• What is being asked:
Please give the lines below again exactly as they stand, from the one that contains "Red and Black" up to and including the one that contains "NIBEMINENT Flower Design", leaving all pictures out.

• Dataset records:
________________________
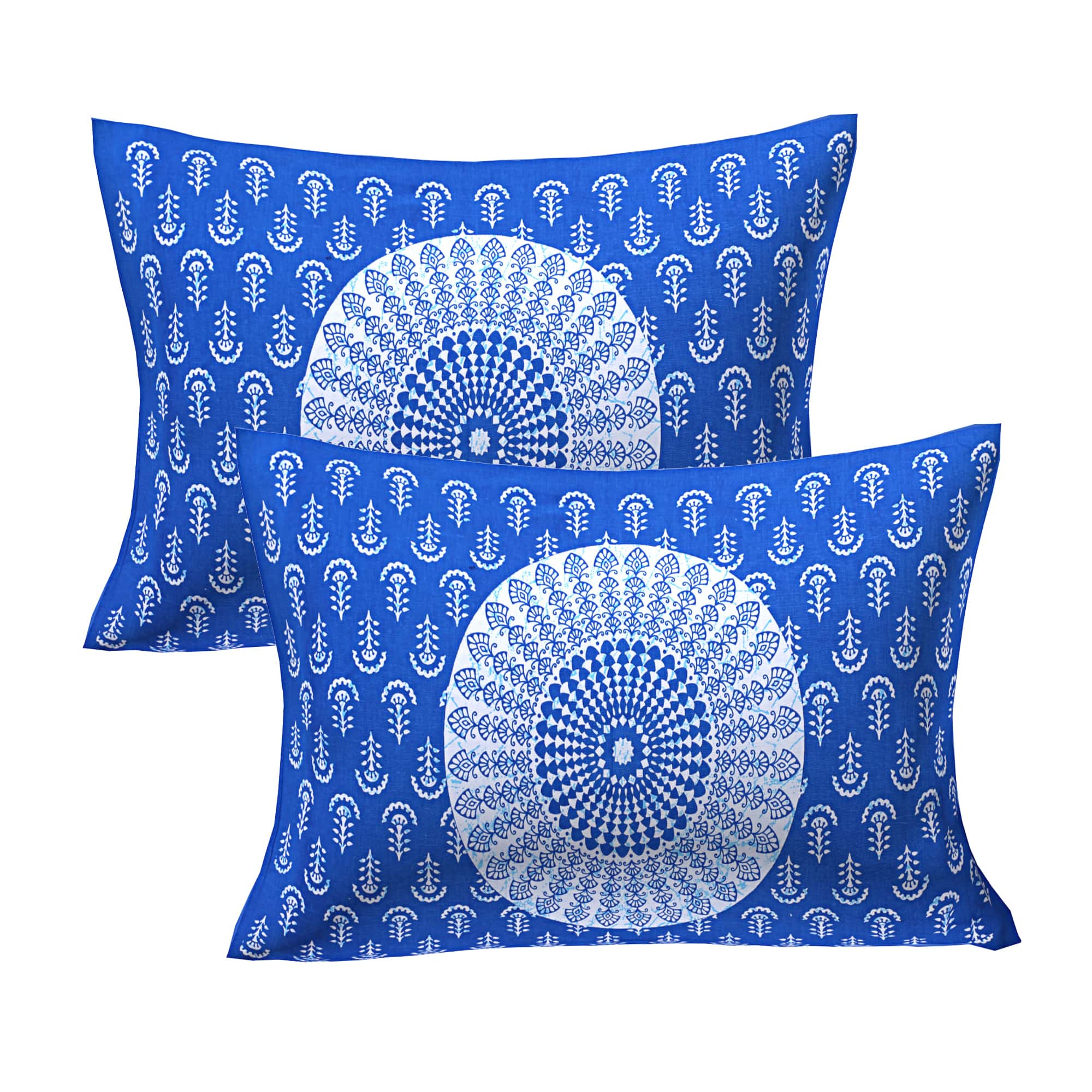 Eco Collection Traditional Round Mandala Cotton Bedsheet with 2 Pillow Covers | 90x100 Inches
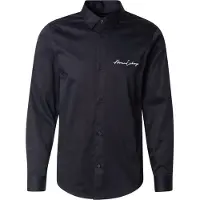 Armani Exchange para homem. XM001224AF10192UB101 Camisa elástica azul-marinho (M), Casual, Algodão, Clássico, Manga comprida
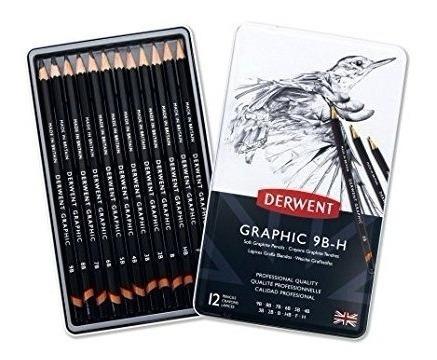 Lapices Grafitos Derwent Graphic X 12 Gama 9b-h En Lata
________________________
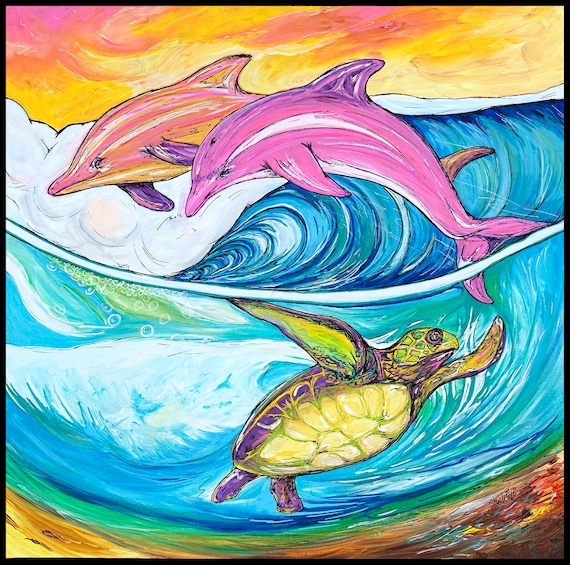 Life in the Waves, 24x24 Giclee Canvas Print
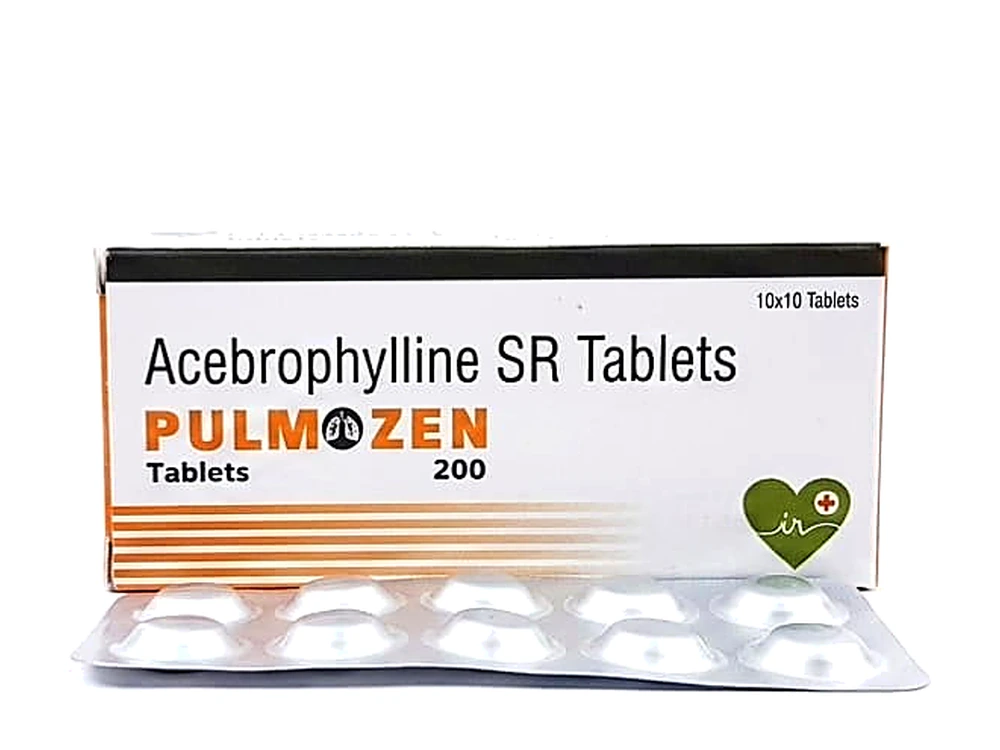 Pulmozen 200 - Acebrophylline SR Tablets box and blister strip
________________________
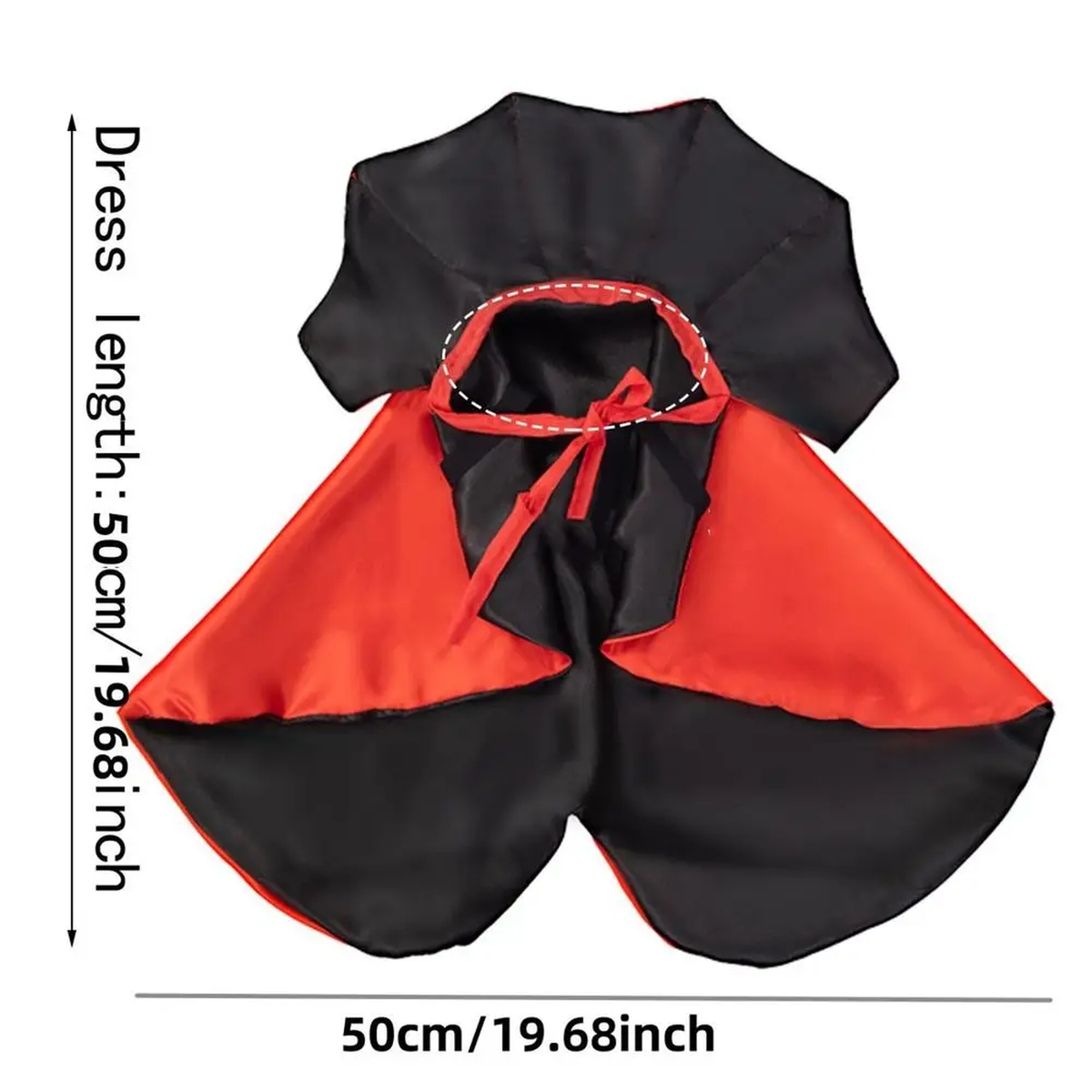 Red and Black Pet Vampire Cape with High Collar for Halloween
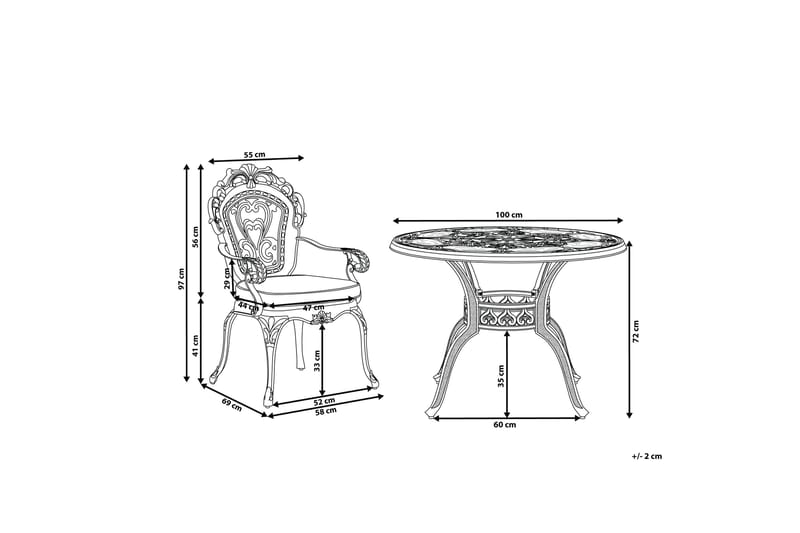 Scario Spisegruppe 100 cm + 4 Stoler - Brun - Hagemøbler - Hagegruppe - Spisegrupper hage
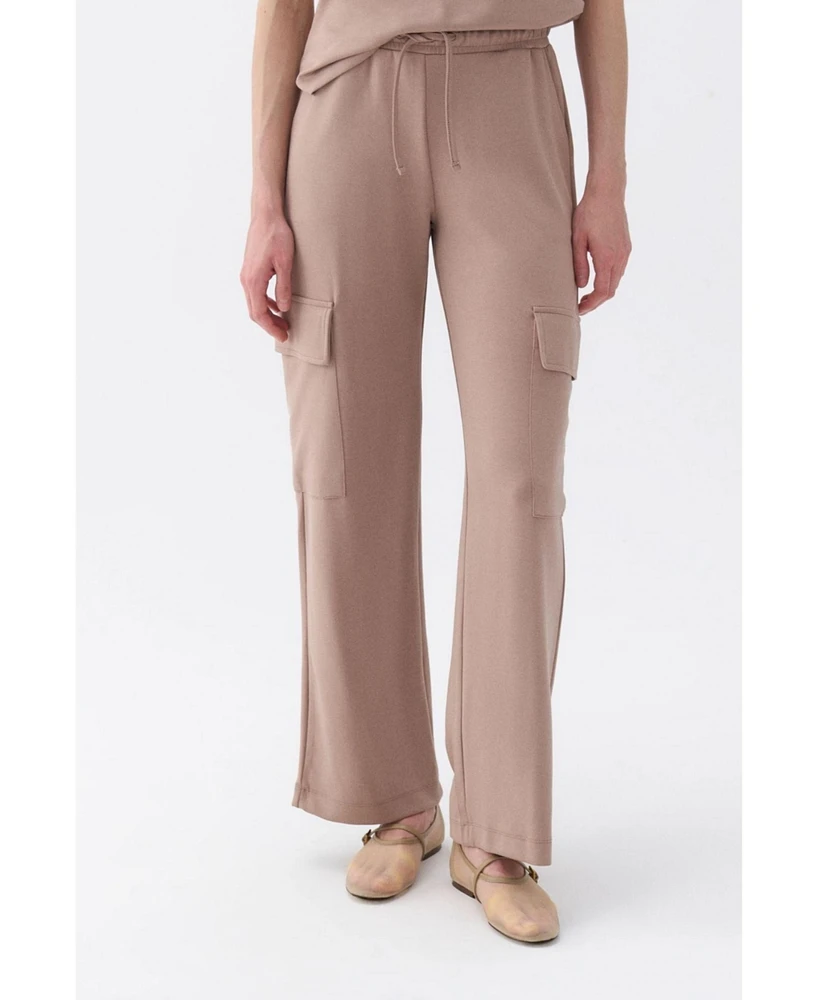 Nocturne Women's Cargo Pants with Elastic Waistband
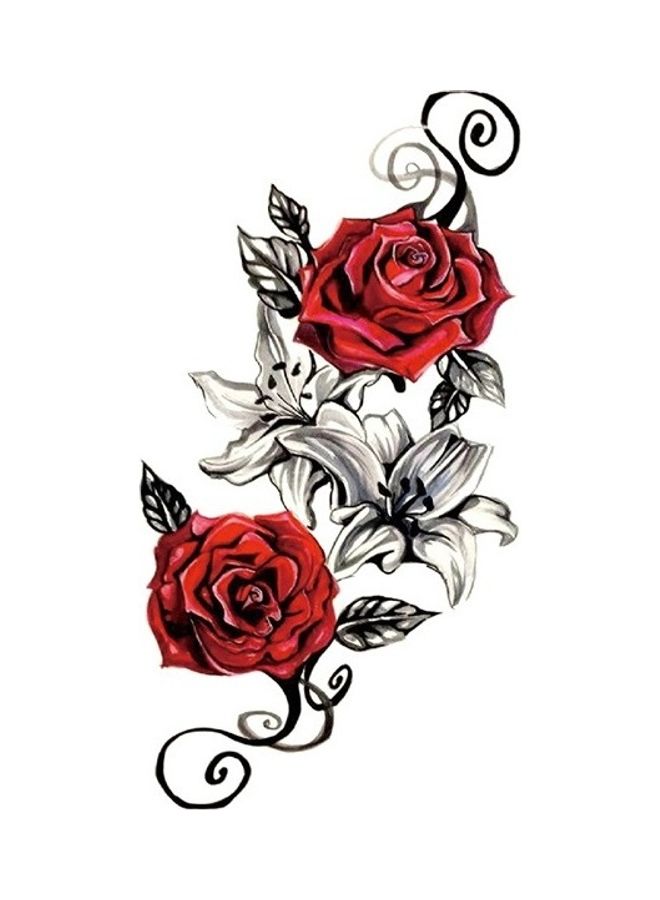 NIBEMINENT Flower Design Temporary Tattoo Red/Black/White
________________________
• Response to this task:
 Red and Black Pet Vampire Cape with High Collar for Halloween
 Scario Spisegruppe 100 cm + 4 Stoler - Brun - Hagemøbler - Hagegruppe - Spisegrupper hage
 Nocturne Women's Cargo Pants with Elastic Waistband
 NIBEMINENT Flower Design Temporary Tattoo Red/Black/White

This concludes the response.